◆ **What the task asks**:
Under this line sits a listing. Repeat exactly and only its lines from the one holding "Then we will" through the one holding "Hello and welcome"; skip pictures.

◆ **Data to process**:
________________________________________
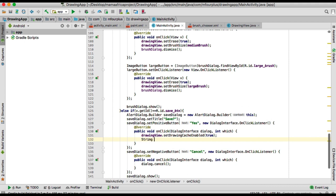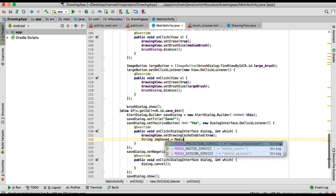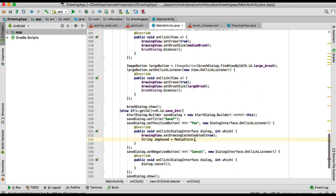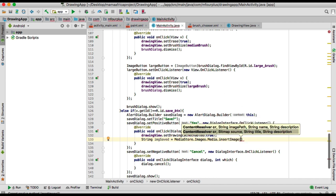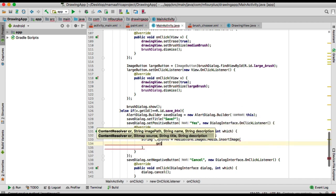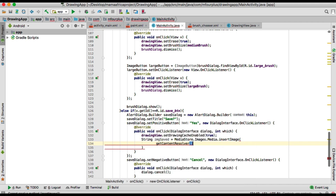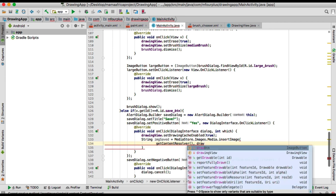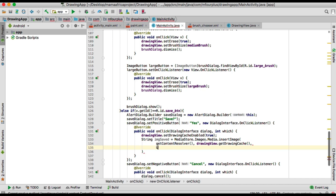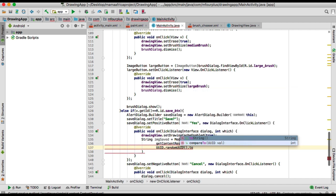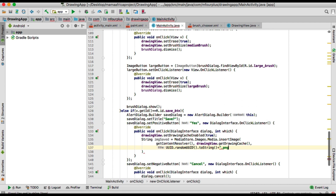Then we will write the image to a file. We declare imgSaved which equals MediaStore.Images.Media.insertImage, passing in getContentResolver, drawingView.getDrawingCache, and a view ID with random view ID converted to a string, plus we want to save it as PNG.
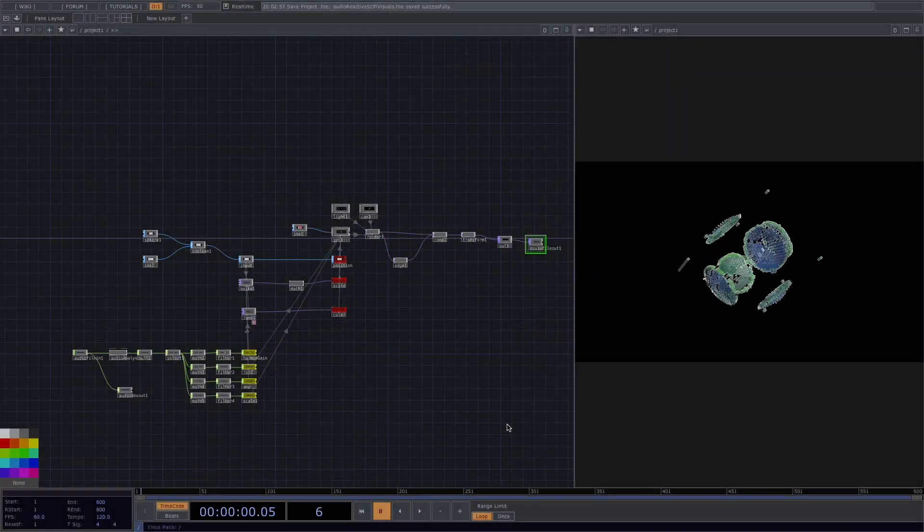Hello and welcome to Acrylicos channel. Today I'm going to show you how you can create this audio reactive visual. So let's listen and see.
________________________________________
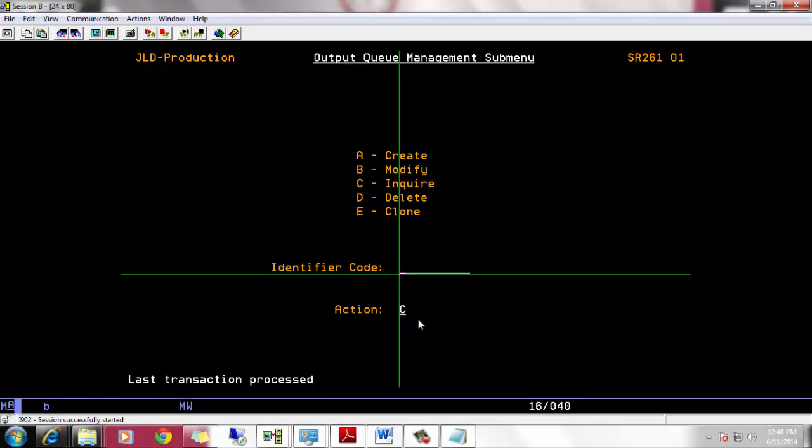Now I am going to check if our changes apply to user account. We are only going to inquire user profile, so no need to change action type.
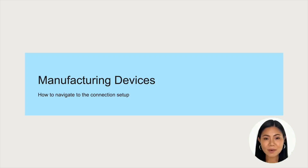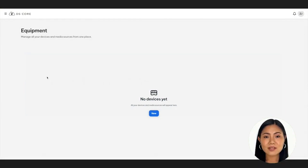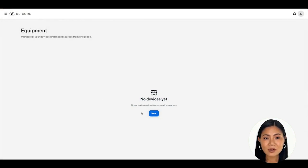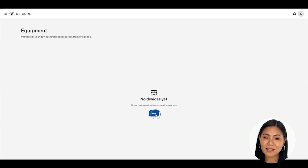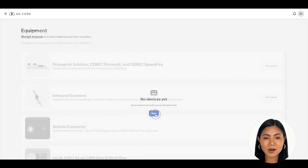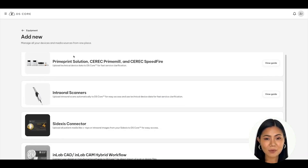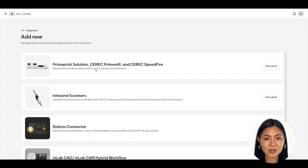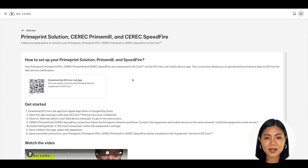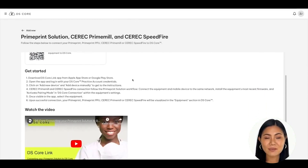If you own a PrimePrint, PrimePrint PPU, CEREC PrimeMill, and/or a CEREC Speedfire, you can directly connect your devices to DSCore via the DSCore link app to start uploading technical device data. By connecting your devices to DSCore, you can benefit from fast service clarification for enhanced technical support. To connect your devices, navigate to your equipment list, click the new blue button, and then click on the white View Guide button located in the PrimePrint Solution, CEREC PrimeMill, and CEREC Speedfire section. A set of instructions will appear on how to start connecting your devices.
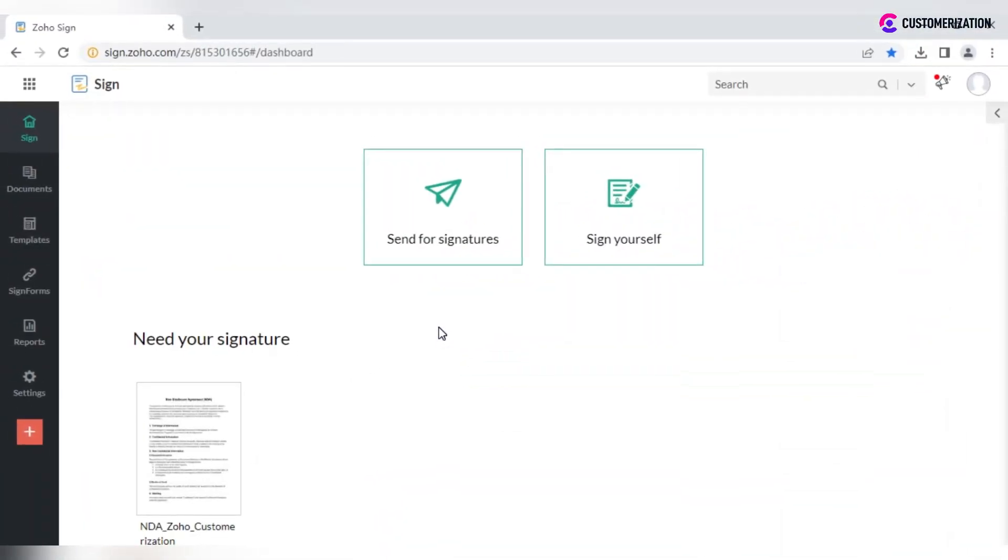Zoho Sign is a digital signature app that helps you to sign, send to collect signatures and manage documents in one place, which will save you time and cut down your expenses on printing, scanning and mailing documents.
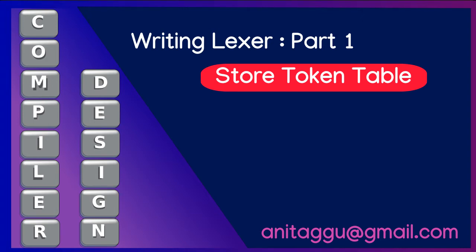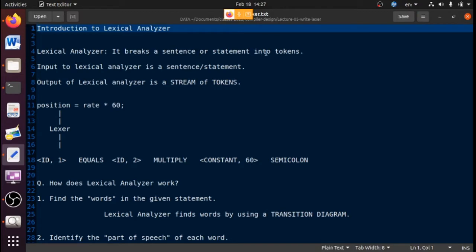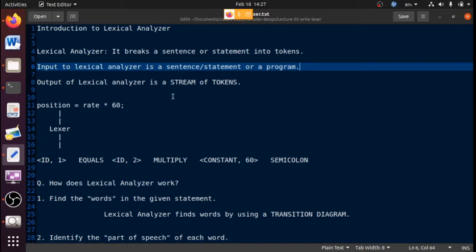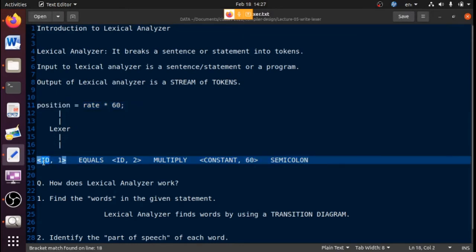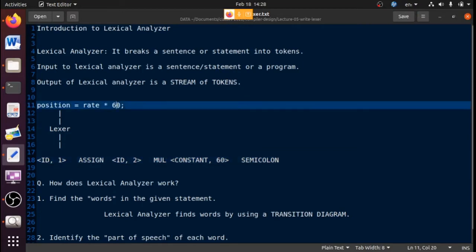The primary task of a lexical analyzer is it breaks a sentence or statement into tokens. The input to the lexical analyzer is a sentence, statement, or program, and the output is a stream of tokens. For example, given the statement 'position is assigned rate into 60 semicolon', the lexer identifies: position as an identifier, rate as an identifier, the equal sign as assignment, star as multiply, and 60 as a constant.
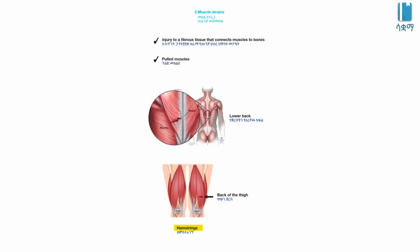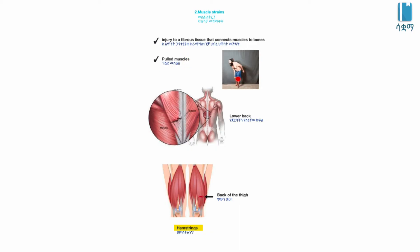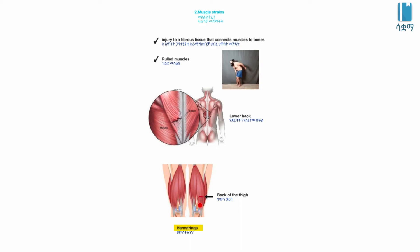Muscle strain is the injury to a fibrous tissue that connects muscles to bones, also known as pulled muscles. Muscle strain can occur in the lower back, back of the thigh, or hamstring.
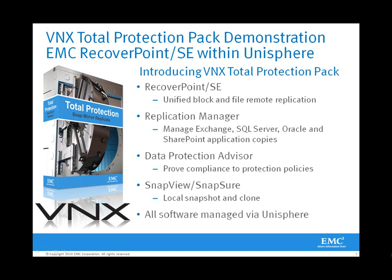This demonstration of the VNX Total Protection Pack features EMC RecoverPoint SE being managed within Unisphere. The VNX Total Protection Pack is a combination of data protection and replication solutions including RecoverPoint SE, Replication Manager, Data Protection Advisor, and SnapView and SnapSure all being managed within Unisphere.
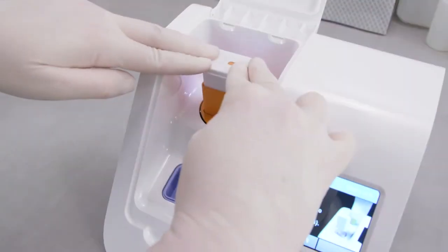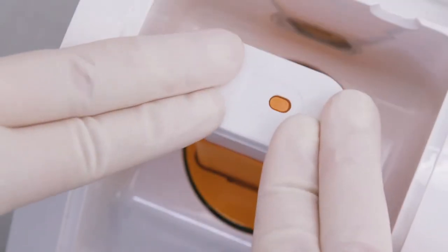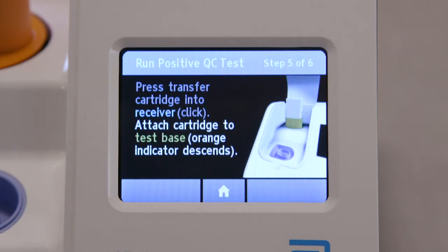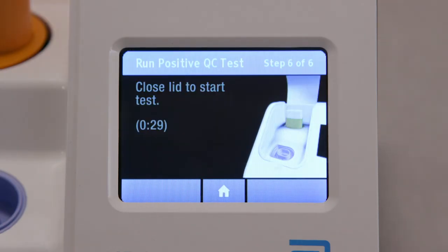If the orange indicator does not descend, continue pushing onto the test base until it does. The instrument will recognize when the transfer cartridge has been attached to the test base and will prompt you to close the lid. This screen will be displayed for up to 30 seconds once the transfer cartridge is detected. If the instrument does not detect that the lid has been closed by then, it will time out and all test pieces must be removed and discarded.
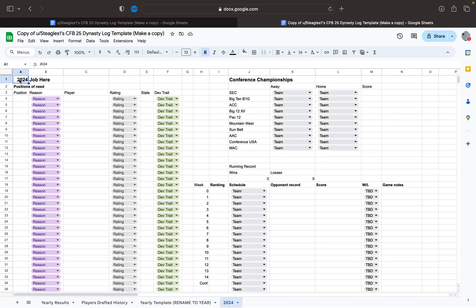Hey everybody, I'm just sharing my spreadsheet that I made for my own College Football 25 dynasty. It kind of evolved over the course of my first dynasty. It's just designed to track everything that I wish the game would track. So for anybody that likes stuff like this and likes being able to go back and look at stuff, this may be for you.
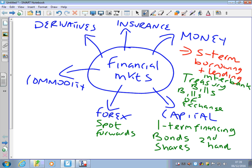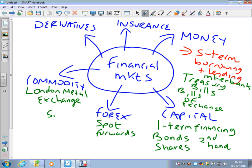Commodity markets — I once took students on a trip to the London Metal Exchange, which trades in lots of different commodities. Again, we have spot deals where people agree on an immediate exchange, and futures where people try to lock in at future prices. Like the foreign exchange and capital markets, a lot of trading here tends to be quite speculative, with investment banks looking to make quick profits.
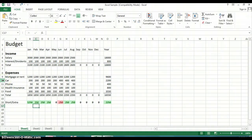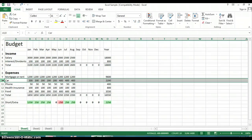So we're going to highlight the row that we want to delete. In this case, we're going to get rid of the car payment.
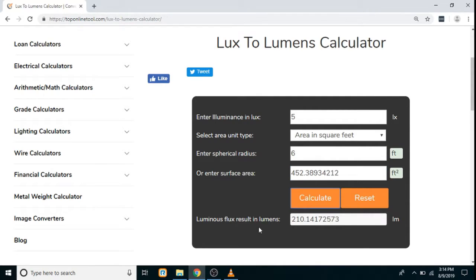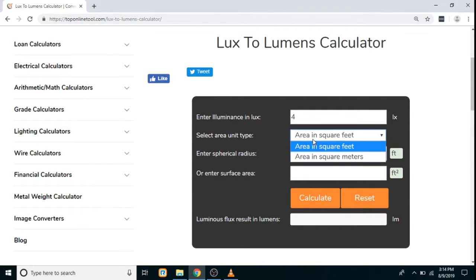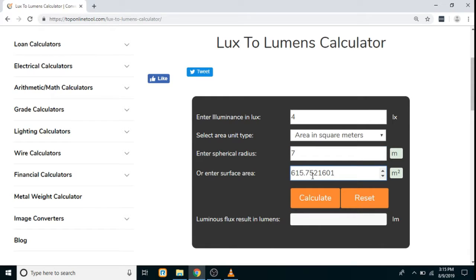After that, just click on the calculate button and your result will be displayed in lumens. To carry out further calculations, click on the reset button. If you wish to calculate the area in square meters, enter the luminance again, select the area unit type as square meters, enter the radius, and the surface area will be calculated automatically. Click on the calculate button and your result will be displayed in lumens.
________________________________________
◆ **Solution**:
Then we will write the image to a file. We declare imgSaved which equals MediaStore.Images.Media.insertImage, passing in getContentResolver, drawingView.getDrawingCache, and a view ID with random view ID converted to a string, plus we want to save it as PNG.
Hello and welcome to Acrylicos channel. Today I'm going to show you how you can create this audio reactive visual. So let's listen and see.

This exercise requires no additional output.